YOUR TASK:
Copy word for word the line containing "Bnb Pavillon Paisible" together with all lines following it to the end of the listing below, without the pictures.

☆ ☆ ☆

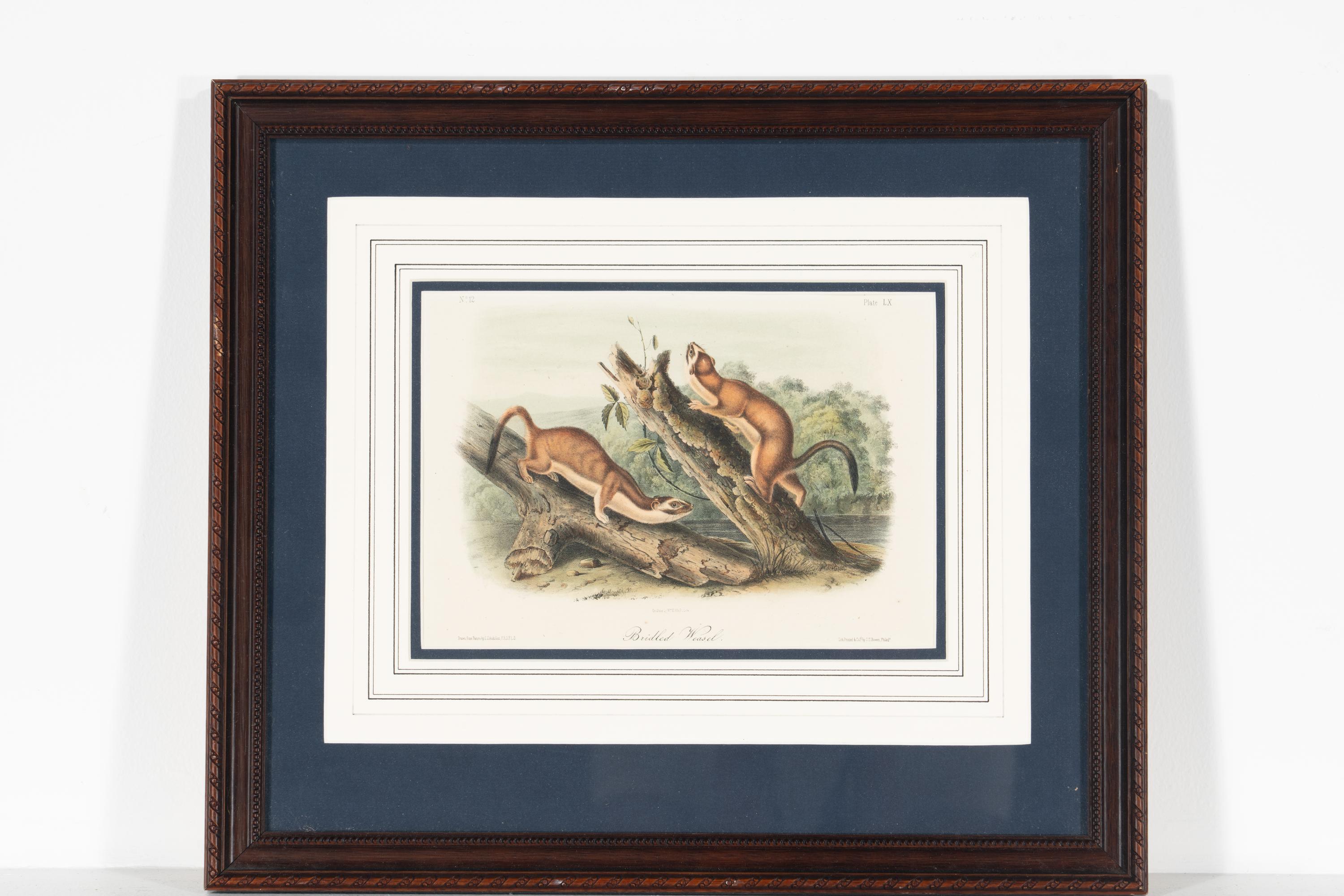 [Prints] Audubon, John James Group of 6 Lithographs from the Quadrupeds of America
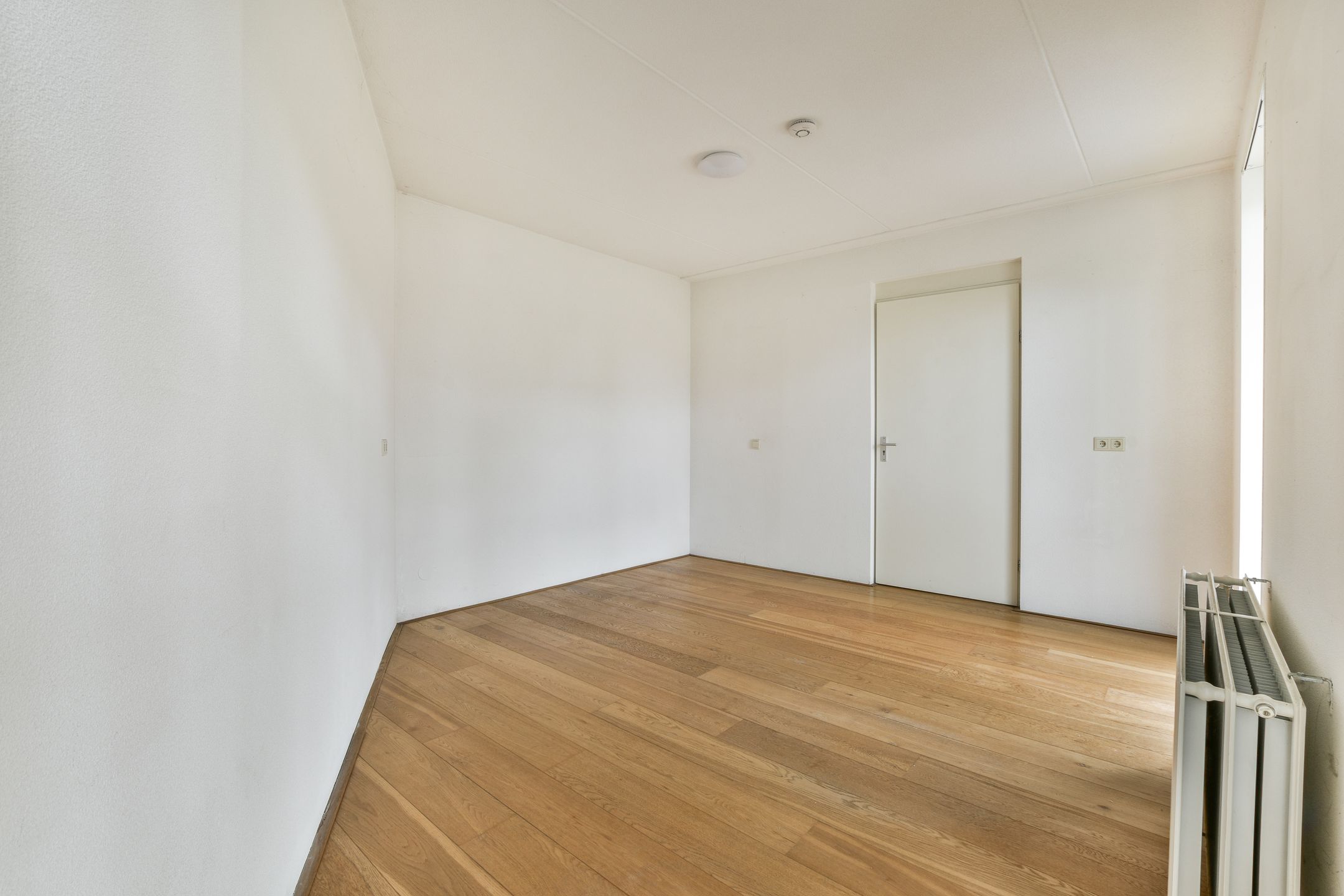 Photo 12 of Kerstomaatplantsoen 17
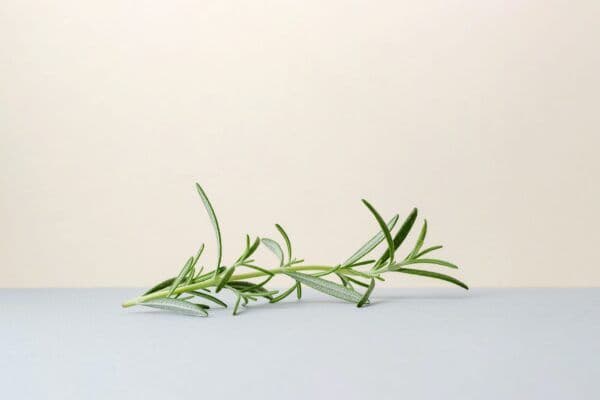 Rosemary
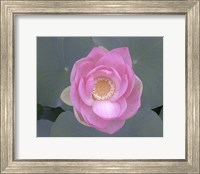 Blushing Lotus I Fine Art Print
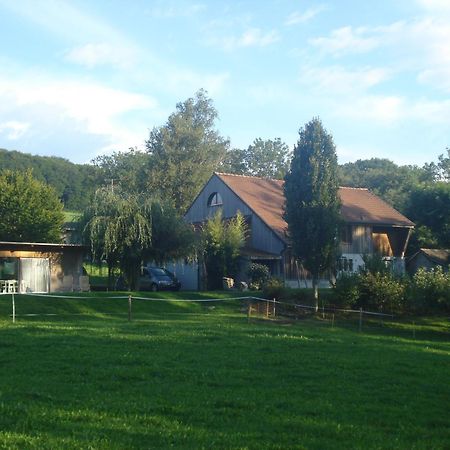Bnb Pavillon Paisible Orsonnens Bagian luar foto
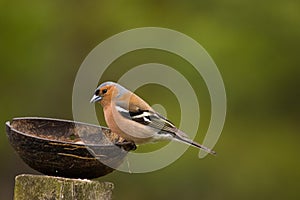 Cute chaffinch feeding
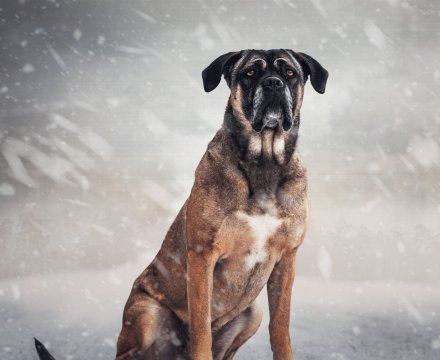 Fotografie po úpravě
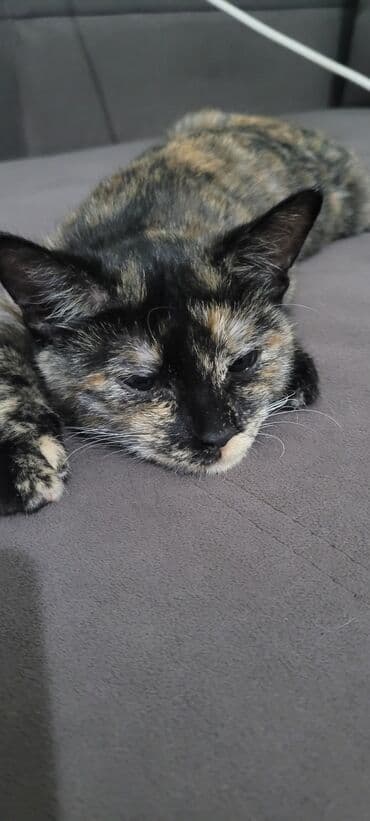 если не кастрировать кота: Кошка даром: Беспородная, 8 месяцев, Девочка, Приучена к лотку — 1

☆ ☆ ☆

WRITTEN SOLUTION:
Bnb Pavillon Paisible Orsonnens Bagian luar foto
 Cute chaffinch feeding
 Fotografie po úpravě
 если не кастрировать кота: Кошка даром: Беспородная, 8 месяцев, Девочка, Приучена к лотку — 1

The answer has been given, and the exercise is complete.